The photo above shows, further to the left, Noël-Marie Paymal Lerebours. Standing up is the German Friederich von Martens who worked for Lerebours and developed a panoramic swing lens camera – more information about this type of camera at this link. On the right is Marc Antoine Gaudin. The other two, seated, are unknown and probably workers of the firm Lerebours.

In 1845 Noël-Marie associates with Marc Secrétan, mathematician and astronomer. They change the name of the firm to Lerebours et Secrétan. Lerebours is dedicated more to the photographic sector and Secrétan will develop the firm’s vocation of origin in the manufacture of telescopes and scientific optical instruments. The union is very fruitful and gives a new impetus in the company. Secrétan, Swiss and just arrived in Paris, soon finds its space and creates a reputation among the leading scientists of the time. The association runs until 1855 when Lerebours retires leaving a company of international fame and high market value. Secrétan then gives the production of lenses a more scientific and less empirical character. It introduces more calculation and math as the basis of the drawings and developments. Already in the hands of other heirs the firm remains, but will leave the Place du Pont Neuf in the 70’s and will not know other glorious times like those of Lerebours. The brand will be active until the 1950s.

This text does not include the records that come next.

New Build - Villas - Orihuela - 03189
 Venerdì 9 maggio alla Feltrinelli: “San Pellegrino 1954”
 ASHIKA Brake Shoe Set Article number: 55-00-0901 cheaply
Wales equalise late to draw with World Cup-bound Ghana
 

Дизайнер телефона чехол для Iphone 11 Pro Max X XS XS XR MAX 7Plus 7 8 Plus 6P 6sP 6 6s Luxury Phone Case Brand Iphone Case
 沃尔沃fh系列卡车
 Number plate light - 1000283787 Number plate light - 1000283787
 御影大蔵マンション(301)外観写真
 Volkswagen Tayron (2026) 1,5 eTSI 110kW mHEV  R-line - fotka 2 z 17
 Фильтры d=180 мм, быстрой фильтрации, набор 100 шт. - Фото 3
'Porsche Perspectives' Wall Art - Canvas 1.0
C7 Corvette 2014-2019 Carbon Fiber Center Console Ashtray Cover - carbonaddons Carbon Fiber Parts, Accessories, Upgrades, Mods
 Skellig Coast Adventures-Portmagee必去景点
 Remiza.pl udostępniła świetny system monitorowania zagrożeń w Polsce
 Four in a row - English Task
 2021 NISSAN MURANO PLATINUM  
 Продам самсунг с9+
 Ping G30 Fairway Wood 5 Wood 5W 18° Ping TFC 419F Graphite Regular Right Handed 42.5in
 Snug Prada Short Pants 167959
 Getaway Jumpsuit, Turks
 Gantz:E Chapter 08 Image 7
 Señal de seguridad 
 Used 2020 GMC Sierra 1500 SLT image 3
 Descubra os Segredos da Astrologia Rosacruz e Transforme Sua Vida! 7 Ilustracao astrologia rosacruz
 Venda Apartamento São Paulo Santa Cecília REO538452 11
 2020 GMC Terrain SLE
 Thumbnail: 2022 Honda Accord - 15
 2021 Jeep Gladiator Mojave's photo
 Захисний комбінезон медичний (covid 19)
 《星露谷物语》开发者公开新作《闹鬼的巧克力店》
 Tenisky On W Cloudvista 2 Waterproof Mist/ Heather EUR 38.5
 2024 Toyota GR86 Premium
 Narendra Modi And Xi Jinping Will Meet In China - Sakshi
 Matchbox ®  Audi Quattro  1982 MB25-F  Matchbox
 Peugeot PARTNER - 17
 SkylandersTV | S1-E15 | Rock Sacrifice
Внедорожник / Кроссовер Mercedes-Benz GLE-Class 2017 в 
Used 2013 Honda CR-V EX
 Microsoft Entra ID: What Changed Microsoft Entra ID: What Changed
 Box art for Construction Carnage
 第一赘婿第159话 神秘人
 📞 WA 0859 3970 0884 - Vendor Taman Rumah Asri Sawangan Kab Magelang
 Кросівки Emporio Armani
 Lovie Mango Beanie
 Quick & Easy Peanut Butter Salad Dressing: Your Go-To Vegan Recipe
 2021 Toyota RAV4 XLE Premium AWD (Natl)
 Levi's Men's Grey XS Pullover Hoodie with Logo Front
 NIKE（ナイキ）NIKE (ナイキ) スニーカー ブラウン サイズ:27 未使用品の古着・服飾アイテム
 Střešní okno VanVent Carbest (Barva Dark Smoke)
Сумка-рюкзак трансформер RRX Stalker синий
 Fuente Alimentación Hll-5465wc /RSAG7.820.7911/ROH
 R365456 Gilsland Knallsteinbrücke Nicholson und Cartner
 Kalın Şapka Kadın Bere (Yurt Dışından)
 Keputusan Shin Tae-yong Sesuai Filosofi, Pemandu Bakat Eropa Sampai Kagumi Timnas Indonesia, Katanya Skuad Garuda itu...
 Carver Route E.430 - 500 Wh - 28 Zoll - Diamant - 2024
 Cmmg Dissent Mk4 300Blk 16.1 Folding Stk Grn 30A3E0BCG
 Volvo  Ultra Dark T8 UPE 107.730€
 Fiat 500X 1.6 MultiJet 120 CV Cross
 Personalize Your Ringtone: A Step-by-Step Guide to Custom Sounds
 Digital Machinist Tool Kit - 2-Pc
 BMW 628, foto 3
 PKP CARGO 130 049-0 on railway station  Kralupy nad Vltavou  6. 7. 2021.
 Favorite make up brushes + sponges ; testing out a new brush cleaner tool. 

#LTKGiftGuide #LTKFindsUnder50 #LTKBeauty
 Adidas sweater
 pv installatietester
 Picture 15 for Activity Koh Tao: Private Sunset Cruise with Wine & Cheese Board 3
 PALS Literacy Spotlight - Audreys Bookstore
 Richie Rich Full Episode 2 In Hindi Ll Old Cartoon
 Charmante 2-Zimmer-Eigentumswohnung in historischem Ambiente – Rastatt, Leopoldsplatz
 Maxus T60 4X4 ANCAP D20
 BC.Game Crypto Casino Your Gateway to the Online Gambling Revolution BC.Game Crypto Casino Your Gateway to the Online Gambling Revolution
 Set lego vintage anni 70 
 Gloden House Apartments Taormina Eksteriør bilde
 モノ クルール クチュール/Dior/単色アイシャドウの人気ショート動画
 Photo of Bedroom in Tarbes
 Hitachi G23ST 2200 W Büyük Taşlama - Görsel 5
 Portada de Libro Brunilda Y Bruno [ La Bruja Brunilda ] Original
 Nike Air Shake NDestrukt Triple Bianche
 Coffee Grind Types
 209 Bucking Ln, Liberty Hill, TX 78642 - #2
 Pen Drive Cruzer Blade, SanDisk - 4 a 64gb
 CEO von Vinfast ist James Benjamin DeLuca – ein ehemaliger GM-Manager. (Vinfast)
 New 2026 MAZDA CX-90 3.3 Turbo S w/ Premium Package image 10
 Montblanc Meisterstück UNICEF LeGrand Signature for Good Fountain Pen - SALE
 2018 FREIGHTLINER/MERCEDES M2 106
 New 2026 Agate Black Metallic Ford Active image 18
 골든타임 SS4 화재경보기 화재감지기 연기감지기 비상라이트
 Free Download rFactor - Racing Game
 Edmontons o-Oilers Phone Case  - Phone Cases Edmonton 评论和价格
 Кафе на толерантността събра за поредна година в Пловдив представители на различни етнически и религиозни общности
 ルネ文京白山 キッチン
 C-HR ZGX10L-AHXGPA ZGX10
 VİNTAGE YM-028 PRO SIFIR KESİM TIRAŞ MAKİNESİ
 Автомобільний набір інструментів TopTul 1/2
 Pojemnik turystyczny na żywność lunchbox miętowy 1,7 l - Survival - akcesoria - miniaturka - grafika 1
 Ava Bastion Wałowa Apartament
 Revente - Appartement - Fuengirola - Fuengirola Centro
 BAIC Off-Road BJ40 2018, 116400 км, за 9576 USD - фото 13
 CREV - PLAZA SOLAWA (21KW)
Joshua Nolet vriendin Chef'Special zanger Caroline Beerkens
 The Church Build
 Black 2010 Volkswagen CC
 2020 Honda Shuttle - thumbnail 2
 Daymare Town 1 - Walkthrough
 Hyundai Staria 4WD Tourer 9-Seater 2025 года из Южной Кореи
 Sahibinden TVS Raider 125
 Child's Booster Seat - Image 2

The Lerebours and the new order

What is interesting in this story, apart from its novelistic aspects, is to consider the change in the way of life that was brought about by the Bourgeois Revolution and the whole ideology of the Enlightenment. The key point is the prominent place that they agreed to scientific knowledge. The impact of these transformations was enormous in the whole dynamics of society. For centuries and centuries the chance that someone born in a humble family had to achieve a leadership position was basically through weapons. All the European nobility that formed from the end of the Roman Empire was militaristic. If someone was a plebeian, but very good at killing his fellow men and leading wars and looting, he would eventually become a general, a king or even a great emperor. The ecclesiastical way, another option for power, was soon occupied by the good families, and only a charismatic preacher and very politically capable could, from humble beginnings, achieve notoriety in the hierarchy of the Roman church. There was still trade, the very cradle of the bourgeoisie, but to be a merchant or banker, even with great success, did not make one a properly respected and honored person. They were seen, at most, as a necessary evil and could not, no matter how much they could donated to church building and financing wars, have their way of life elevated to the condition role models, like nobles and the saints usually were.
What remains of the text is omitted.